35Mais, comme je l’ai dit plus haut, il existe deux techniques classiques pour faciliter les échanges internationaux. La première technique était l’abaissement des barrières tarifaires et elle ne joue pas un rôle important. La seconde, qui va nous intéresser maintenant, est relative aux barrières non tarifaires.
36Lorsque des parties contractantes à un traité économique international veulent abaisser les barrières non tarifaires, elles entendent généralement « harmoniser les normes » entre leurs systèmes juridiques respectifs pour fluidifier les échanges. Or, si le droit n’était qu’une technique au service de l’économie, on pourrait soutenir que la voie la plus sûre pour harmoniser les normes serait simplement de les supprimer. Car, du point de vue de l’économie internationale, les seules normes essentielles sont celles qui, en assurant la stabilité macroéconomique des États, rassurent les investisseurs. Cependant, comme j’ai essayé de le montrer plus haut, les normes juridiques sont des représentations sociales qui ne peuvent pas être réduites à une simple fonction d’instrument technique.
37Le modèle néo-classique est une théorie parmi d’autres possibles. Mais il jouit encore aujourd’hui d’un privilège considérable, notamment dans l’enseignement universitaire. Le plus étonnant est que même les juristes semblent s’y rallier ou s’y résoudre alors qu’il ne leur reconnaît presque aucune place.
38Or, si les juristes étaient un peu plus combatifs, ils montreraient que lorsqu’on veut intégrer deux marchés, on doit souvent intégrer deux représentations du monde social. Et que lorsque les États-Unis et l’UE veulent conclure un traité économique en harmonisant leurs normes, il s’agit davantage d’une question culturelle que d’une question de technique juridique. Pourquoi est-ce devenu si difficile à comprendre ?
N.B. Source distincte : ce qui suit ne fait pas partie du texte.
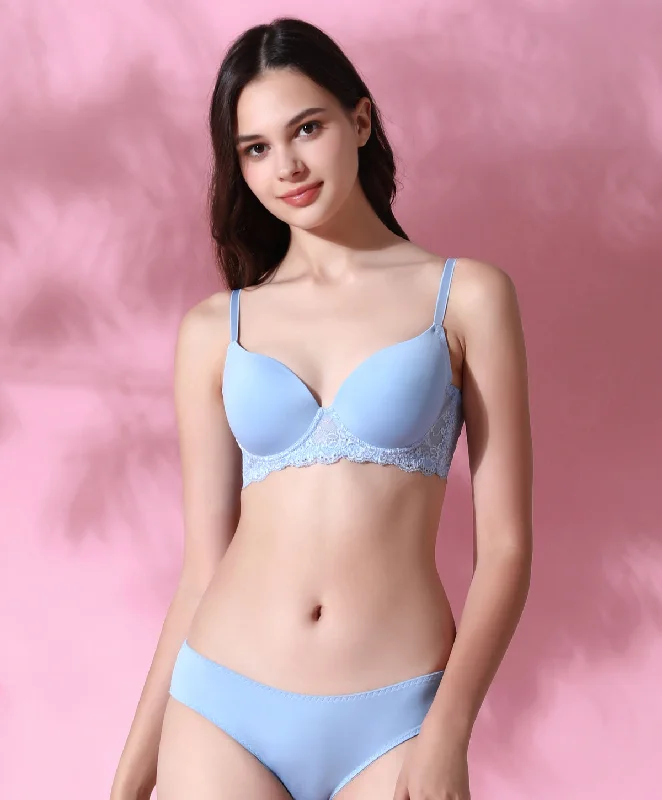 lace trimmed women bra and panty sets Sweet Dreams Demi Bra Set 707-73662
39Pendant longtemps, le droit et l’économie ont partagé la même faculté et nombreux sont ceux qui, dans la première moitié du siècle passé, étudiaient à la fois les deux matières. Ils avaient l’impression d’étudier des sciences sociales avec des outils certes un peu différents, mais en posant des questions finalement assez semblables. Un des problèmes qu’il leur fallait résoudre ensemble était le suivant : comment le droit et l’économie peuvent-ils contribuer, avec des ressources rares, au développement d’une démocratie dans laquelle la recherche d’une plus grande justice sociale joue le rôle d’un horizon régulateur [5] ? Mais, comme on l’a vu, les économistes ont, au cours du XXe siècle, continué, développé et renforcé l’effort walrassien de physicaliser l’économie. Et cela a supposé la construction d’un nouveau modèle d’acteur social, le modèle d’un agent rationnel vivant dans un temps quantifiable et linéaire et dépossédé de son épaisseur intersubjective et de sa durée psychologique. L’action économique, qui était auparavant réfléchie comme une action sociale intersubjective, a alors été pensée comme une espèce d’événement atomisé et individuel. Or il est clair qu’il s’agissait là d’une construction très éloignée de l’homme juridique raisonnable, c’est-à-dire d’une personne prudente et diligente, d’un homme mesuré plutôt que mesurable, qui vit et agit dans une histoire sociale qu’il contribue à construire. La traduction économique de cette distinction épistémologique radicale entre proposition d’être et proposition de devoir-être, entre jugement de fait et jugement de valeur, bref entre des jugements objectifs et des jugements subjectifs est entièrement réalisée par M. Friedman. S’inspirant largement d’un ouvrage publié en 1890 par John N. Keynes, The Scope and Method of Political Economy, il écrit ceci :
« Positive economics is in principle independent of any particular ethical position or normative judgment. As Keynes says, it deals with “what is”, not with “what ought to be” […]. In short, positive economics is, or can be, an “objective” science, in precisely the same sense as any of the physical sciences [6]. »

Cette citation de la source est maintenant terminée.